2 | Registers overview

They follow up with an explanation about the concept of registers as the CPU's storage medium, which provides quick access to data compared to other storage mediums. The registers are divided into several types, including:

  • Instruction Pointer (IP/RIP): A register that stores the address of the next instruction to be executed by the CPU.
  • General-Purpose Registers: These 32-bit or 64-bit registers store data during general execution of instructions by the CPU. They include:
    • EAX/RAX, EBX/RBX, ECX/RCX, EDX/RDX | Accumulator, Base, Counter, and Data Registers
    • ESP/RSP, EBP/RBP, ESI/RSI, EDI/RDI | Stack Pointer, Base Pointer, Source Index, and Destination Index Registers
    • R8-R15 | 64-bit general-purpose registers not present in 32-bit systems

These registers are used to store data temporarily while it is being processed by the CPU. Moreover they also explain how each register type can be addressed at different levels of precision (e.g., byte, word, double-word).

3 | Registers - Continued

Status Flag Registers | Indicating Execution Status

Here they explain the concept of Status Flag Registers, which provide information about the status of execution in a CPU. These registers are:

  • EFLAGS (32-bit) and RFLAGS (64-bit) | A single 32-bit or 64-bit register that contains individual single-bit flags.

Some key flags include:

  • Zero Flag (ZF) | Indicates when the result of an instruction is zero.
  • Carry Flag (CF) | Indicates when a number is too big or small for the destination register.
  • Sign Flag (SF) | Indicates if a result is negative or has the most significant bit set to 1.
  • Trap Flag (TF) | Indicates if the processor is in debugging mode.

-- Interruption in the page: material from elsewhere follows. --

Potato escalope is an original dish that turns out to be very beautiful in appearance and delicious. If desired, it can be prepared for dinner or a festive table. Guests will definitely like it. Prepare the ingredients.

Segment Registers | Organizing Memory

They also explain Segment Registers, which are used to organize memory into different segments for easier addressing. There are six segment registers:

  • Code Segment (CS) | Points to the code section in memory.
  • Data Segment (DS) | Points to the program's data section in memory.
  • Stack Segment (SS) | Points to the program's stack in memory.
  • Extra Segments (ES, FS, and GS) | Divide the program's memory into four distinct data sections.

4 | Memory overview

Program Memory Layout
When a program runs on Windows, it sees an abstracted view of memory, with its own memory space isolated from the rest of the system. The program has access to four main sections of memory:

  • Code | Contains the program's instructions and code, which can be executed by the CPU.
  • Data | Holds initialized data that remains constant during execution, including global variables.
  • Heap (Dynamic Memory) | Allocates and deallocates memory for variables created and destroyed at runtime.
  • Stack | Stores local variables, function arguments, and return addresses, which can be targeted by malware to hijack control flow.

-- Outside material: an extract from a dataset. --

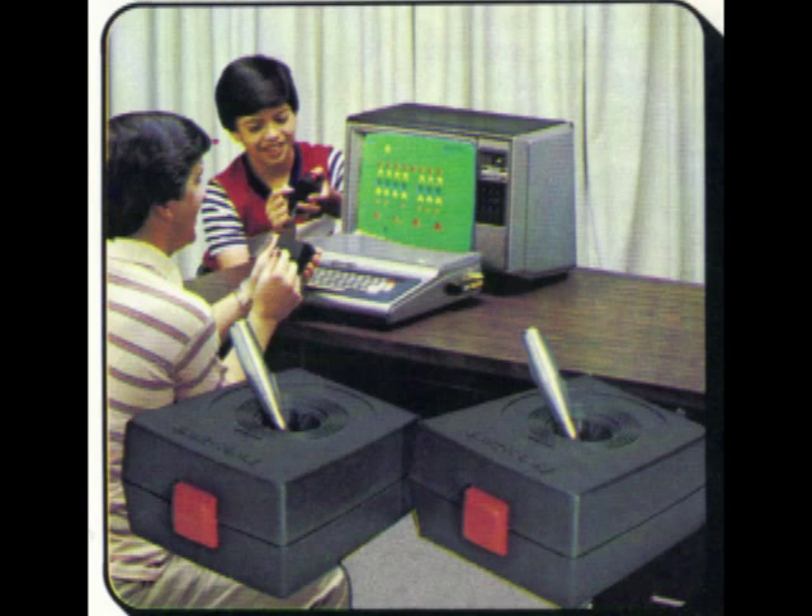The big problem with the original joysticks is that they're not self-centering — there's no self-centering function — which makes it a lot more difficult to play arcade games that depend on self-centering joysticks. The other issue is that it has a single fire button and it is extremely weak. You bear down on that fire button when you're getting into a game and they just didn't hold up.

They also provide here a brief overview of each section, highlighting their characteristics and importance in malware analysis. The Stack is emphasized as a critical area from a malware perspective, particularly due to its role in controlling the program's execution flow.

5 | Stack Layout

Understanding the Stack

The Stack is a critical part of a program's memory that contains local variables, function arguments, and control flow information. It's essential for malware analysis and reverse engineering. The Stack follows a Last In First Out (LIFO) principle, where the last element added is the first to be removed.

Stack Pointers

The CPU uses two registers to manage the Stack:

  • Stack Pointer (ESP/RSP) | Points to the top of the stack, adjusting as elements are pushed or popped.
  • Base Pointer (EBP/RBP) | Remains constant for a program, tracking local variables and arguments.

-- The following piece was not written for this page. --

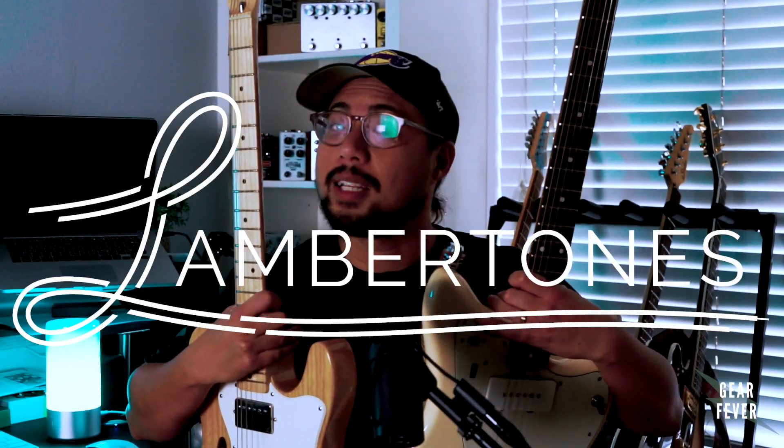We are kicking off a giveaway for the next couple weeks here and I've teamed up with my friends over at Lambertones Pickups and 920D Customs Wiring. The reason I'm holding these two guitars is both of these guitars — if you're a fan of the channel here at Gear Fever you'll recognize them — are loaded with both 920D Custom Wiring and Lambertone Pickups.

Function Prologue and Epilogue

  • When a function is called:
    • Function prologue pushes arguments, return address, and old base pointer onto the stack.
    • The base pointer address changes to point to the top of the stack (the current stack pointer).
  • When a function exits:
    • Function epilogue pops off the old base pointer, return address, and rearranges the stack pointers.

Malware Technique | Stack Buffer Overflow

A common malware technique is to overflow a local variable on the stack, overwriting the Return Address with an attacker's chosen address. This can hijack control flow and execute malicious code.